Any idea why this would be the case?  I've used other queue managers in the past that have no trouble with jobs in the tens of thousands.  I will try reducing the debugging.  Any ideas on distributing the schedd load across multiple machines?  This will be a HUGE setback for us adopting Condor if I can't figure out a way to stably handle 10,000+ jobs.  

Thanks for the heads up. 


I can't give an official answer, but I can tell you that we had the same
problem with 5136 jobs.  In our cases, there were a couple other things that
contributed, so you could check these, too: high debug level on the schedd
and a supervising process that used condor_q and condor_history to monitor
jobs.  Condor_q talks to the schedd, so if you're doing anything like that
you may want to parse log files instead.

However, even after taking down debug level and using log parsing, our
schedd still struggled with 5000 jobs in the queue.

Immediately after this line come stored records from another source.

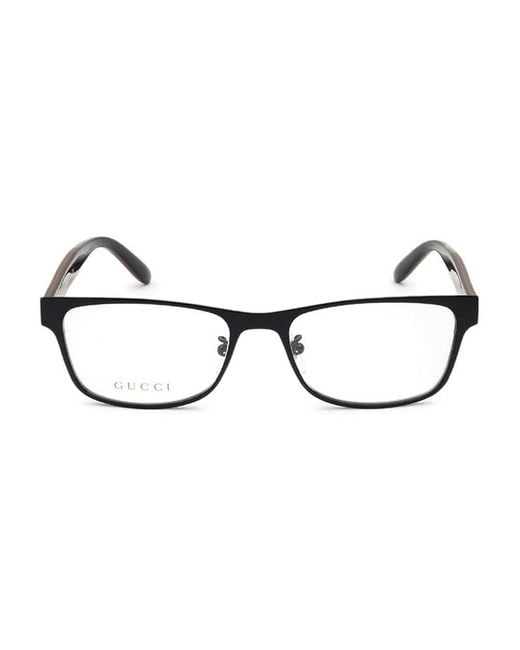 Gucci Black Eyeglasses Rectangle Full Rim, Frame And Clear Demo Lenses Lens Gg0274Oj001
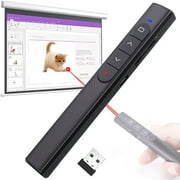 ZIQIAN Presentation Clicker with Red Pointer for Cats, 100FT USB Presentation Remote Control, Volume Control Hyperlink Wireless Presenter Remote, Slide PowerPoint Clicker for Mac/Win/Computer/Laptop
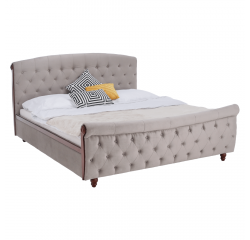 KONDELA Posteľ s úložným priestorom, 180x200, sivohnedá Taupe Velvet látka, BARETO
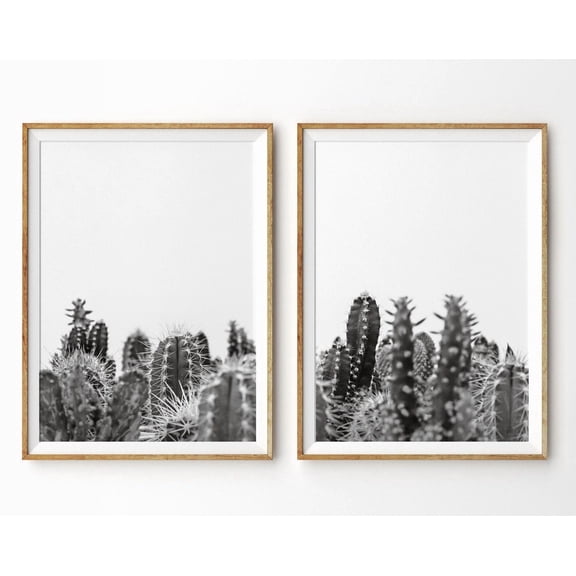Luvia Cactus Set Of 2 Prints Black And White Boho Decor Desert Botanical Cactus Prints Desert Cactus Print, Modern Wall Decor Set 2 Prints 12x18 UNFRAMED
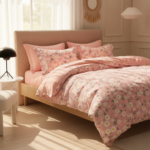 Blossom Pink Daisy 120 GSM Microfiber Bedsheet Set | Model: EH-2060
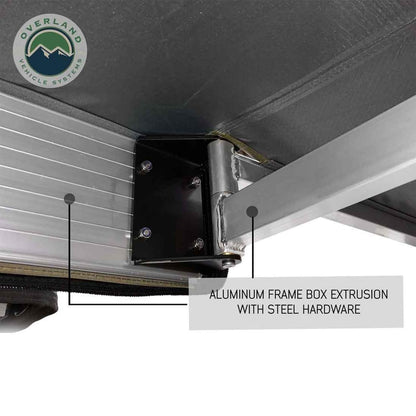 Overland Vehicle Systems 19519907 HD Nomadic 270 Degree Awning Driver Side | 129 Sq Ft of Coverage | Dark Gray Fabric with Travel Cover Included | Twist and Lock Technology | Weather-Resistant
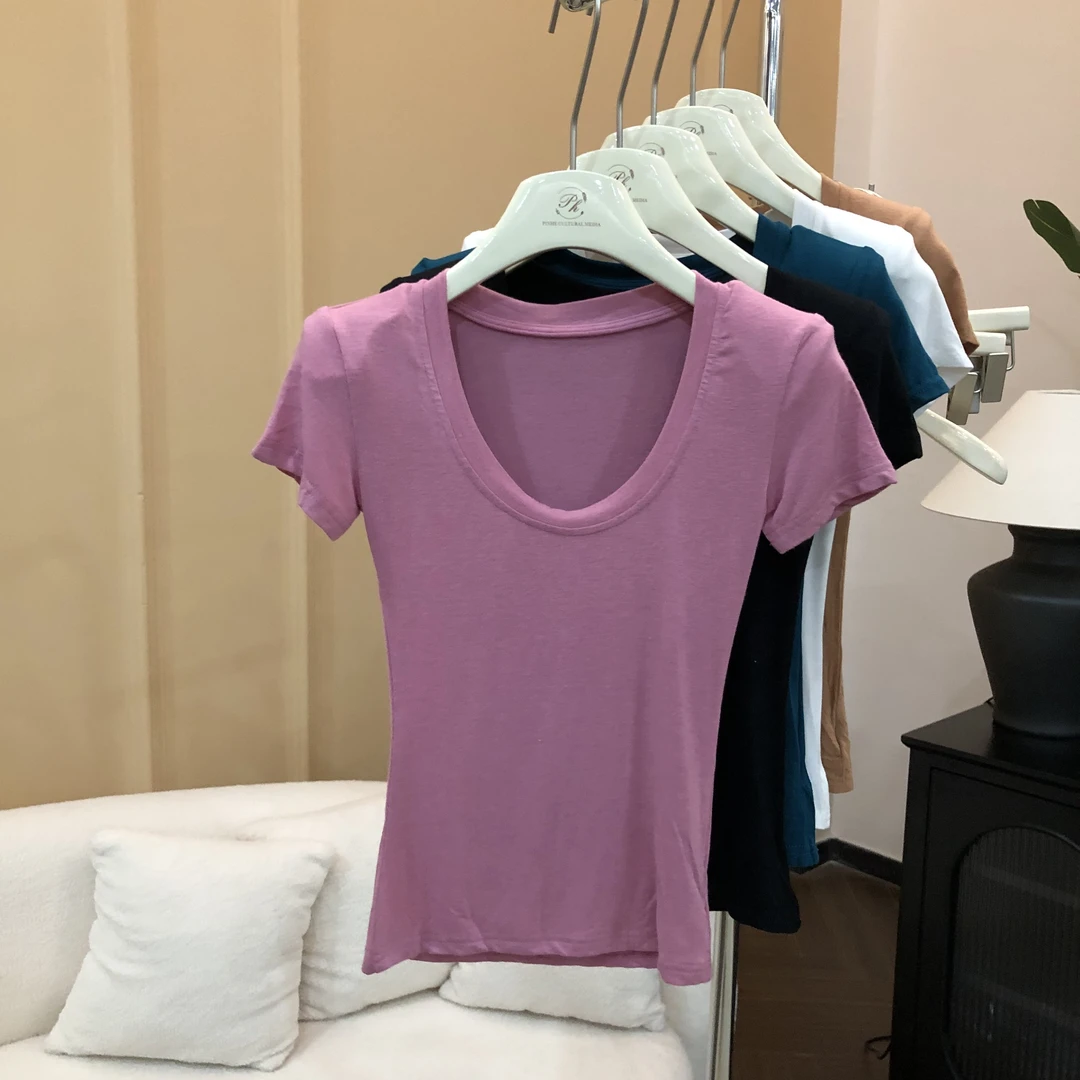 U领正肩修身百搭T恤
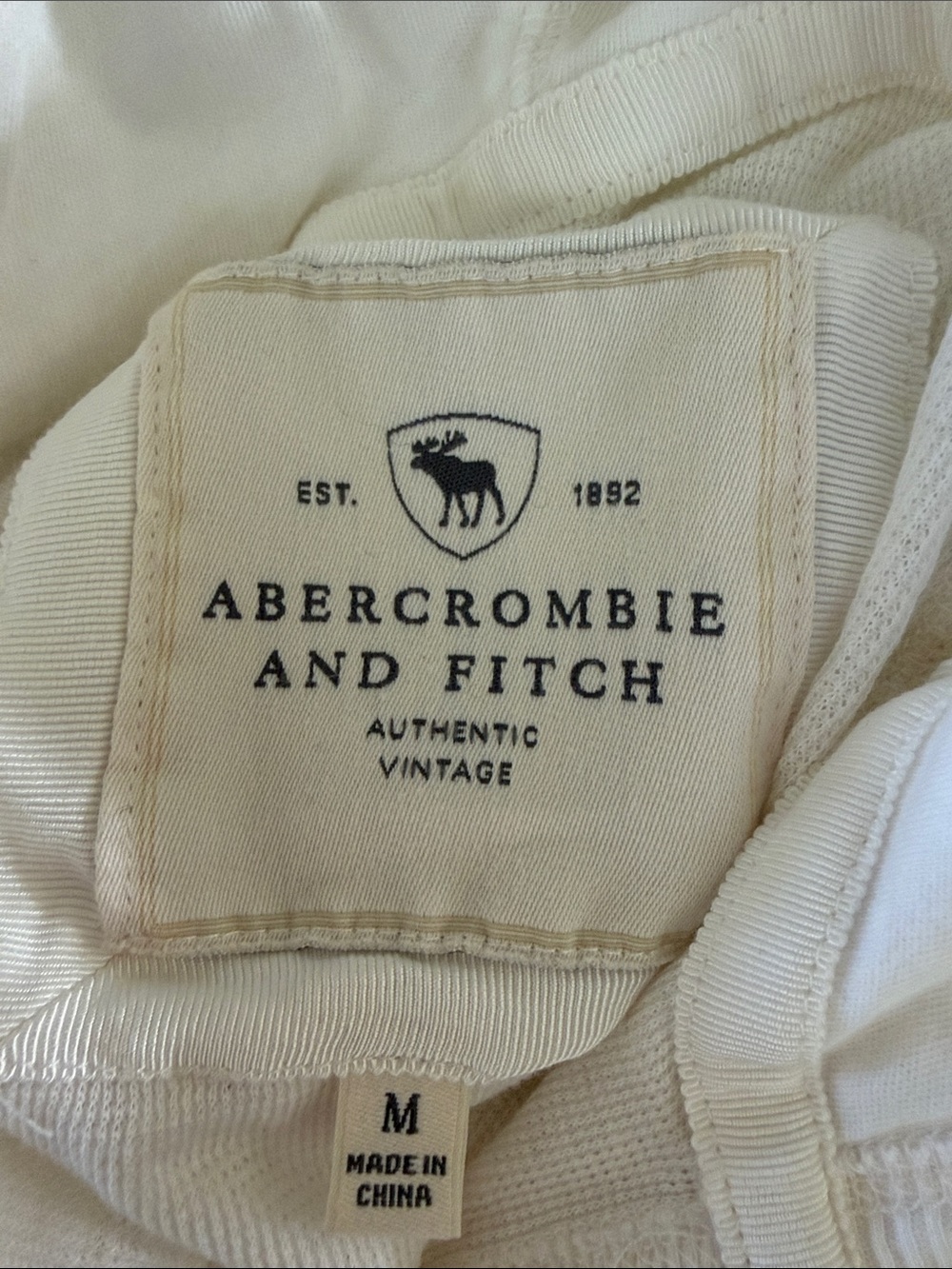Abercrombie & Fitch White Henley Hoodie with Kangaroo Pocket - Picture 9 of 9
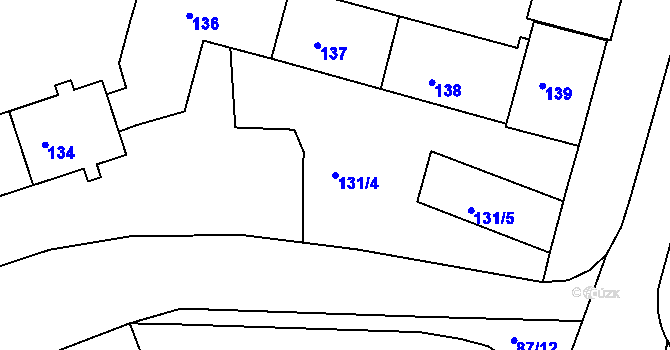 Parcela st. 131/4 v KÚ Kadaň, Katastrální mapa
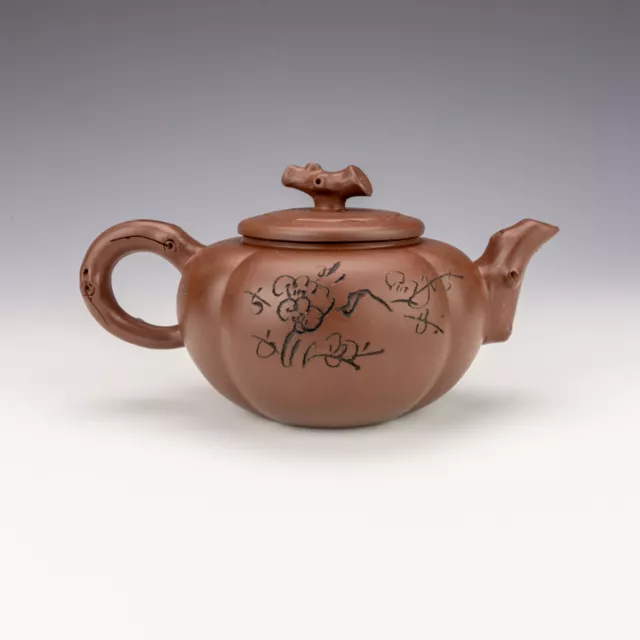 Antique Chinese Yixing Pottery Teapot - Incised Calligraphy Decorated Teapot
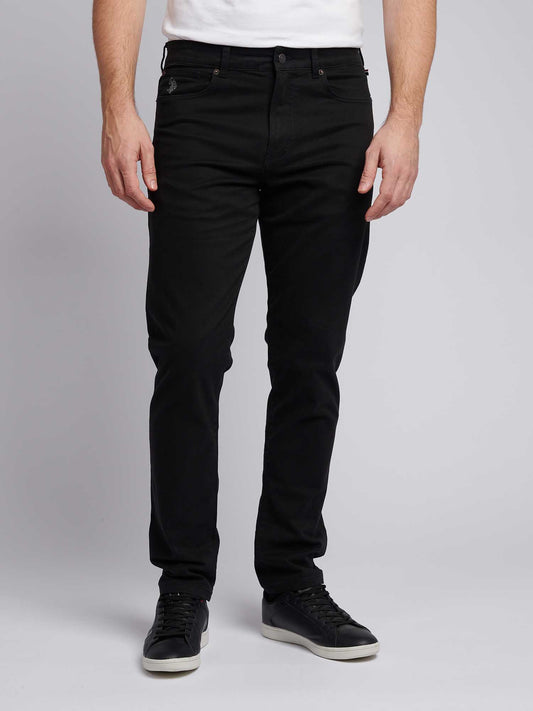 Mens Core 5 Pocket Trouser in Black Bright White DHM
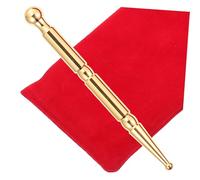 CONGARTENO Masajeador de Puntos Gatillo y Varilla de Acupresión Facial de Latón Amarillo, Herramienta de Reflexología para Alivio Muscular y Terapia Física, Portátil para Cuidado Corporal y Facial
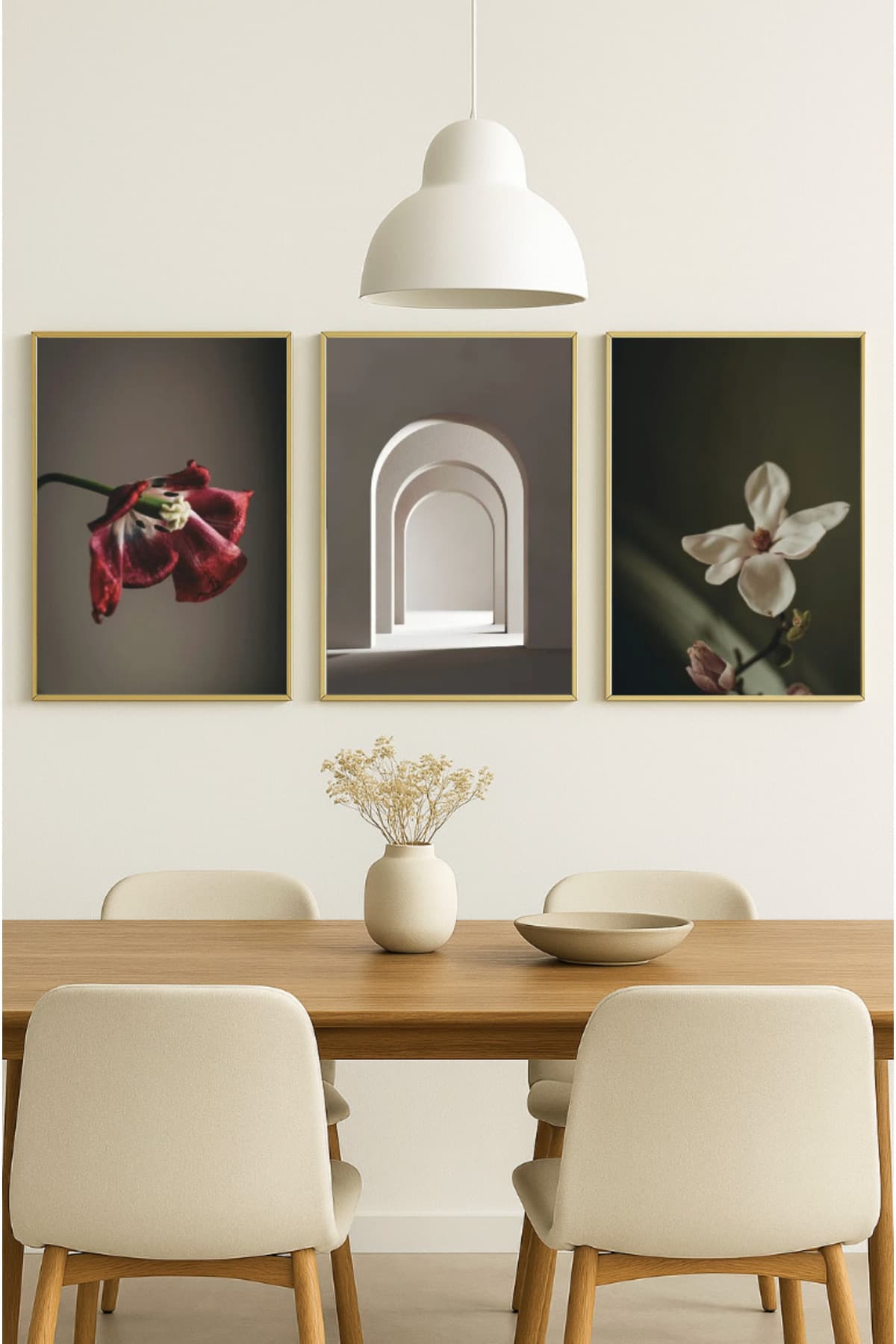 Çiçekler Arasında - Gerçek Cama Baskı Gold Alüminyum Metal Çerçeveli 3'lü Modern Tablo görsel 2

I have a remote schedd with 9000+ jobs.  The schedd is continually running
at 100% cpu.  I am hoping to gain some suggestions on how to improve the
efficiency of the schedd.  

Do I need to split the jobs between schedds on 2 or 3 more machines?  

Would it help significantly to move the negotiator and collector to another

Are there ways to speed up the schedd so that it does not take as long to
run through the job queue?

I am using Condor 6.7.7 with a nearly out-of-the-box config.